Me gusta el cine noruego, Rasmus Bjørnson aparte.
Van al grano, escogen temas con empaque y los cuentan bien, sin dispersarse ni adornarse demasiado. Tanto es así que, a veces, les salen de un realista que tienen que acentuar su valor ficcional con música enfática en momentos cuya tensión, para un espectador de hoy, es limitada. Quiero decir que, si el coche no arranca, aunque haya peligro de que lleguen cazabombarderos, pocos se impresionan los espectadores mientras no suenen sus motores en el aire y caigan zambombazos alrededor del vehículo.
Pero los noruegos no inventan demasiado. Ponen a un malvado de manual tras la pista del puñado de héroes que salvaron las reservas de oro de Noruega y los ves recorriendo el país en camioneta, tren o barco, haciendo inventario, cargando cajas de un lado para otro, escondiéndose de explosiones y balaceras. Con eso basta, caen bien, importa lo que les pase. El nazi que les persigue es un poco ridículo, a lo mejor también por eso funciona.
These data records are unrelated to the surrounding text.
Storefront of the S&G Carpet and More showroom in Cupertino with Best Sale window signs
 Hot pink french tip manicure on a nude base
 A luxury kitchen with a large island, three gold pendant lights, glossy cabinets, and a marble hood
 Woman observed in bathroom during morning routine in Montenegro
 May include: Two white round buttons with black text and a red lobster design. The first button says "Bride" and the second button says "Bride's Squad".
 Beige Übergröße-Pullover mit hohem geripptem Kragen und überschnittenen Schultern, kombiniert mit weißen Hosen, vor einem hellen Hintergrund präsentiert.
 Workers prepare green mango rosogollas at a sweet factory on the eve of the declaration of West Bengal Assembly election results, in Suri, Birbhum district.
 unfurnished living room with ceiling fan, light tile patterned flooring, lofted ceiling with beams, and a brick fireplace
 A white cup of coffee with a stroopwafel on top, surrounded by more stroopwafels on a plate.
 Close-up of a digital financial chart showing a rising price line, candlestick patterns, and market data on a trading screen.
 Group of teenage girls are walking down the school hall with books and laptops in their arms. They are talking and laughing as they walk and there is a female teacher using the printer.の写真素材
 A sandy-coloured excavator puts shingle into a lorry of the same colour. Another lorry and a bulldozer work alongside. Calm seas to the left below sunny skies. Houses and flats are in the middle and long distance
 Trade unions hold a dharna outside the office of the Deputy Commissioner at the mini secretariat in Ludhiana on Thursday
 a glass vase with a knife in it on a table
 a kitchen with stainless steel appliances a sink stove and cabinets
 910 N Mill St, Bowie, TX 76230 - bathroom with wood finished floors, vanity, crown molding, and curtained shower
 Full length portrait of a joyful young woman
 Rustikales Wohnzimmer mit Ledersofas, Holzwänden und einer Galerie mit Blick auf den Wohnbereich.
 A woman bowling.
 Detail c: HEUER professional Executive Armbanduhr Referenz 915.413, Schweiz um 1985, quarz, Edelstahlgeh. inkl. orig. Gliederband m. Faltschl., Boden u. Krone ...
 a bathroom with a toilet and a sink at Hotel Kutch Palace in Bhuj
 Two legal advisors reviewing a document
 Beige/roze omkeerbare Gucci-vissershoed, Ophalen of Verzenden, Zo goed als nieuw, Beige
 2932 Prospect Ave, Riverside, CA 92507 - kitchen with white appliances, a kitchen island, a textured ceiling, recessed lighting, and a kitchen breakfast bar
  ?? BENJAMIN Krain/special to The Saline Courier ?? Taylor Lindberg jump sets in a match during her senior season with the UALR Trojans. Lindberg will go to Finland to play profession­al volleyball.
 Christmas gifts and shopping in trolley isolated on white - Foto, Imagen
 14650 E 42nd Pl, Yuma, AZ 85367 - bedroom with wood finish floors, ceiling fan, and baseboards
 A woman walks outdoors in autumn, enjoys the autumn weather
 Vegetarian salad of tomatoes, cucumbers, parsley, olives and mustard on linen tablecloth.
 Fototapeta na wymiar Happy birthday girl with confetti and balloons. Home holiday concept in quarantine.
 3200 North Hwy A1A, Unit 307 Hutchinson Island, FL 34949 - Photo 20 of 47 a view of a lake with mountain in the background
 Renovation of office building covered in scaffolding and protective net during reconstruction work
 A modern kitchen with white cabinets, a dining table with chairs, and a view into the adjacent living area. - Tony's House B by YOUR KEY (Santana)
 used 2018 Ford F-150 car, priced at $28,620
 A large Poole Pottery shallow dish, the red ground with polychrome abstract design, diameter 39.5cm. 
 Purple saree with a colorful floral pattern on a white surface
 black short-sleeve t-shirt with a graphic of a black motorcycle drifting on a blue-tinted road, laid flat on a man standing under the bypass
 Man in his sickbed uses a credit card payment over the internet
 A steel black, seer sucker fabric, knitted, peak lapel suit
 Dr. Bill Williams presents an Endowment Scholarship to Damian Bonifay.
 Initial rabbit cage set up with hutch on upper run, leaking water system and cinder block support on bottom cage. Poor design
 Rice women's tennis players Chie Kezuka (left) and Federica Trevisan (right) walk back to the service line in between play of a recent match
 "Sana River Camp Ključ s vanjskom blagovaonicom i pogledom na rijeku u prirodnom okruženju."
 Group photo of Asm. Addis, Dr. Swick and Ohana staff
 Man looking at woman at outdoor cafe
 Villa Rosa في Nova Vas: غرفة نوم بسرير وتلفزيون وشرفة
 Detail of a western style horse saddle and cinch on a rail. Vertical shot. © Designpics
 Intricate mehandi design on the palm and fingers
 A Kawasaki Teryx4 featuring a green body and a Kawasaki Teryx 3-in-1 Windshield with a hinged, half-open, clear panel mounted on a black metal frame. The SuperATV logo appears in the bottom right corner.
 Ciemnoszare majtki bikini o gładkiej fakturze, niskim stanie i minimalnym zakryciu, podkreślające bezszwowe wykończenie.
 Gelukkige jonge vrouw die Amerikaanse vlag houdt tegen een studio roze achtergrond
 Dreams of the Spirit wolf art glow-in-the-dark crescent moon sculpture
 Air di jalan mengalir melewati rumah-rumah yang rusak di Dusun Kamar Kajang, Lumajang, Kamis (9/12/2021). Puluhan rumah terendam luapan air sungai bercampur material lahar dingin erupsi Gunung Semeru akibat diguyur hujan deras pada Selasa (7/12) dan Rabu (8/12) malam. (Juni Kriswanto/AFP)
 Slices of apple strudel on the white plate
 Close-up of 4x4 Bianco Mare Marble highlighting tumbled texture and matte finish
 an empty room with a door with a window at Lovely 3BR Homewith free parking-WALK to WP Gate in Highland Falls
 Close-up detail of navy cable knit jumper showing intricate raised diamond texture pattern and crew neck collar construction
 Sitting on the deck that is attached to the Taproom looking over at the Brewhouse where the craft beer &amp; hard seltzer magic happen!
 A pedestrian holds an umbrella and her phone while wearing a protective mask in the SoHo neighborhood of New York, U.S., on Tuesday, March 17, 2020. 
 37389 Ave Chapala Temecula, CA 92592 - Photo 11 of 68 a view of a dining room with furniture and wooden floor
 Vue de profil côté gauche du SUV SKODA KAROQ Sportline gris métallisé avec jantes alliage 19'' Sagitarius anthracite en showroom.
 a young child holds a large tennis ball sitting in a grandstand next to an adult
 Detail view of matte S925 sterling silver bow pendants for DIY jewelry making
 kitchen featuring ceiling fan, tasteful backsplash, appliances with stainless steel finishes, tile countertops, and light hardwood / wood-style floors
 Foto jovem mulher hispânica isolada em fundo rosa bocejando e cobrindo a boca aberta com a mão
Ya digo que no hacen filigranas, los noruegos. Hacen cine sólido, ameno, sobre hechos de interés nacional y, por extensión, de cualquiera con una mínima curiosidad histórica. Las cajas españolas del Museo del Prado, más valiosas que el oro, esperan en vano una película mejor. Quizá la rueden los noruegos cuando acaben con lo suyo.